Vida de ciudad
1 Jazz íntimo
Marjorie Eliot lleva veinte años recibiendo a quien quiere visitarla
en su pequeño departamento en Harlem los domingos en la tarde para tocar y
escuchar jazz. La cita es puntual, a las tres y media. El espacio que toda la
semana es su cotidianidad, ahora se convierte en escenario. En la sala y el
comedor se recorren todos los muebles y se ponen sillas plegables. La cocina,
el pasillo y cada rincón tiene un lugar dónde sentarse.
Cuando llegamos, la música ya empezó, se la escucha desde las gradas
exteriores. Casi no podemos entrar, hay gente hasta en el pasillo. Con
dificultad paso a mis hijas hacia adelante y yo me quedo parado, beneficiado
por mi altura sólo logro ver al saxofonista, mientras escucho el piano, la
trompeta y el bajo que suenan desde algún lugar de la casa. La música invade
todo, por dentro y fuera. Con la poca luz, empiezo a observar las fotos,
recortes de periódico y afiches que Marjorie tiene colgados en las paredes.
Todos giran alrededor del jazz, la música y su historia.
Marjorie perdió dos de sus hijos. Uno de ellos se fue en domingo hace
más de veinte años, y desde entonces, para que ese día no se le hiciera tan
triste, llena su departamento de música y gente. En el intermedio deja su
piano, se abre paso entre el mundo de personas y llega con dificultad a su
cocina. Con una sonrisa encantadora que no disimula su dolor, la jazzista
afroamericana, toma una charola llena de barritas de granola que las ofrece a
los asistentes. Sólo se le escucha: "gracias por venir".

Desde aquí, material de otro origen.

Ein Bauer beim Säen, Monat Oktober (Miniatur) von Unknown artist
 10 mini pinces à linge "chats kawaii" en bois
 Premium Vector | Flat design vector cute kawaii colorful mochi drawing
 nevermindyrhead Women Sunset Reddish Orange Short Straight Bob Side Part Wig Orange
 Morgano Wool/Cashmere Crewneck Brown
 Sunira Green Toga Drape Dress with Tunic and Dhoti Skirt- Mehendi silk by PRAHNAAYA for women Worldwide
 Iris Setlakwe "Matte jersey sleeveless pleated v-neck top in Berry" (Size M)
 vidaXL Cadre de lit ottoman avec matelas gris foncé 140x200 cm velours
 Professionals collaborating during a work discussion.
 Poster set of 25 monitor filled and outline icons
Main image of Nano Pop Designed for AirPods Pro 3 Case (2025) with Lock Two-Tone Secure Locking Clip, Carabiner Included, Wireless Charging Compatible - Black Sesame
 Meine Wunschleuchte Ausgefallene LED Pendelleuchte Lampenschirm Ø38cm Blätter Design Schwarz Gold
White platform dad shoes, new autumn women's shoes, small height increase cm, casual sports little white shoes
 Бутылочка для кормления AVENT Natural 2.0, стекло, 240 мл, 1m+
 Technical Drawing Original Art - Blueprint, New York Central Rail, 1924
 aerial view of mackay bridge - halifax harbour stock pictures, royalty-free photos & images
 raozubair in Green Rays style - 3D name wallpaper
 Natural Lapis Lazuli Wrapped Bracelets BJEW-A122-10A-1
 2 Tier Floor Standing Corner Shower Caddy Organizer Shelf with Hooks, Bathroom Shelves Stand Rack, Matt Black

2 Candados en el puente de Brooklyn
De distintas maneras, quienes visitan centros turísticos han buscado
guardar el registro de su paso, sea escribiendo con un plumón algo como “por
aquí pasó tal”, hasta retratándose en ellos llevándose a casa el “trofeo
fotográfico” del que hablaba Susan Sontag.
Pero ahora, en la era en que la imagen es tan fugaz como eficaz y que
segundos después de ser tomada puede aparecer en cualquier red de internet,
parece que no faltan quienes establecen otra relación más material y concreta
con el lugar.
Eso parecen indicar los candados colgados en algunos de los cables de
metal del Puente de Brooklyn; los tamaños y formas son múltiples, lo único que los
asemeja es la fecha y el nombre inscritos en cada uno de ellos; se dice que
luego de cerrarlos, se debe tirar la llave al río para asegurar que así se
quedarán por siempre. El candado -con
toda la carga simbólica que implica- parece pretender abonar a la ilusión de
perpetuar el momento ahí vivido; una especie de vínculo eficaz que supere la
circunstancia y permita un anclaje en la memoria y en el tiempo del instante en
que se lo cerró. Un pacto de eternidad.
Cuando en el mundo prima lo líquido –como sugiere Bauman-, lo efímero,
lo abstracto, parece que en algún lugar de la conciencia todavía se siente la
necesidad de estar ligado a lo sólido mediante algo tan material y brutal como
un invento del Siglo XVII, que impida el acceso de algún intruso, que nos
proteja y nos asegure trascendencia.